This is WEEKEND EDITION from NPR News. I'm Rachel Martin.

Amid international outrage, the United Nations Security Council is meeting today to discuss the killing of at least 90 people in central Syria this weekend. More than 30 of the dead were children under the age of 10. The United Nations has confirmed that they were killed by tank shells and artillery fire. While the U.N. did not say outright this was the work of the Syrian army, activists and residents say the military is the only institution that has these such weapons.

NPR's Kelly McEvers has been reporting on Syria from nearby Beirut. Many Western journalists are restricted from traveling to Syria. She joins us now.

First, Kelly, can you tell us what you've been able to learn about the attack?

KELLY MCEVERS, BYLINE: Yeah. What we know is that this happened in a cluster of villages called Al Hola, just outside the city of Homs. As you know, Homs has been a flashpoint city in the Syrian uprising for some time, a center for anti-government rebels. We know that on Friday, as always on Friday for almost 15 months now, people went out to protest against the government. And when they did, they say they came under attack by the government, by shells and artillery fire.

They say that at that point, rebels - many of them defectors from the army, people who are against the government went out to the army checkpoint and fought back, basically. And that's when they say the attack got even worse. The shelling intensified and then, at some point, some residents say that pro-government thugs - militiamen - came into the town and went from house to house, burning houses and slaughtering people. And this is not the first time this has happened.

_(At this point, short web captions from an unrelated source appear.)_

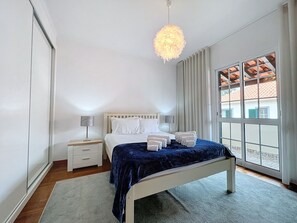 2 Schlafzimmer, Bügeleisen/Bügelbrett, WLAN, Bettwäsche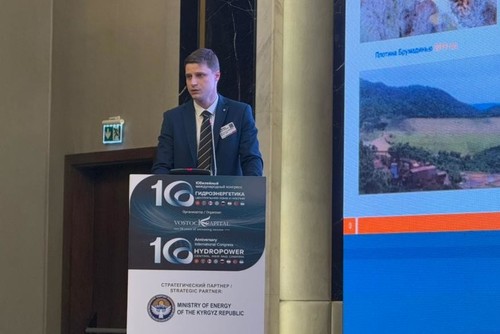 Антон Антонов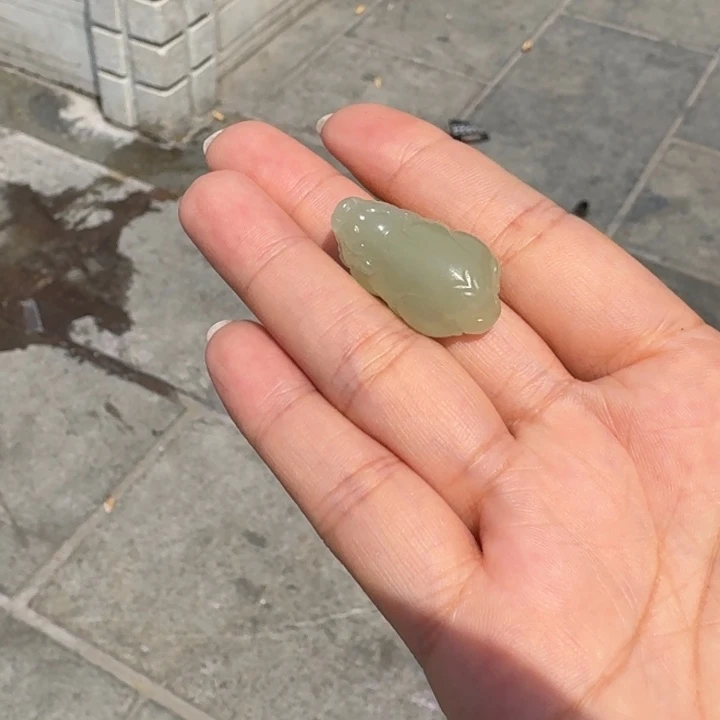 嘻***睡和田玉未镶嵌颈饰28冰心家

We know that this has happened. It's been documented by human rights groups and the U.N. in other places. We can't be there to actually verify what happened. What we do have are videos that residents and activists upload, like this one.


UNIDENTIFIED MAN: (Foreign language spoken)

MCEVERS: I can't tell you how gruesome this video is, really. The people are shouting and they're shouting the date. They're saying, look, everyone. Look, Muslims. Look, Arabs. Look, world at what's happened. And it shows children littering the floor, literally, children who've been gravely injured and who are dead.

MARTIN: So, we have seen these kinds of horrific videos and images posted online by activist and citizen journalists before. But what's different about this case?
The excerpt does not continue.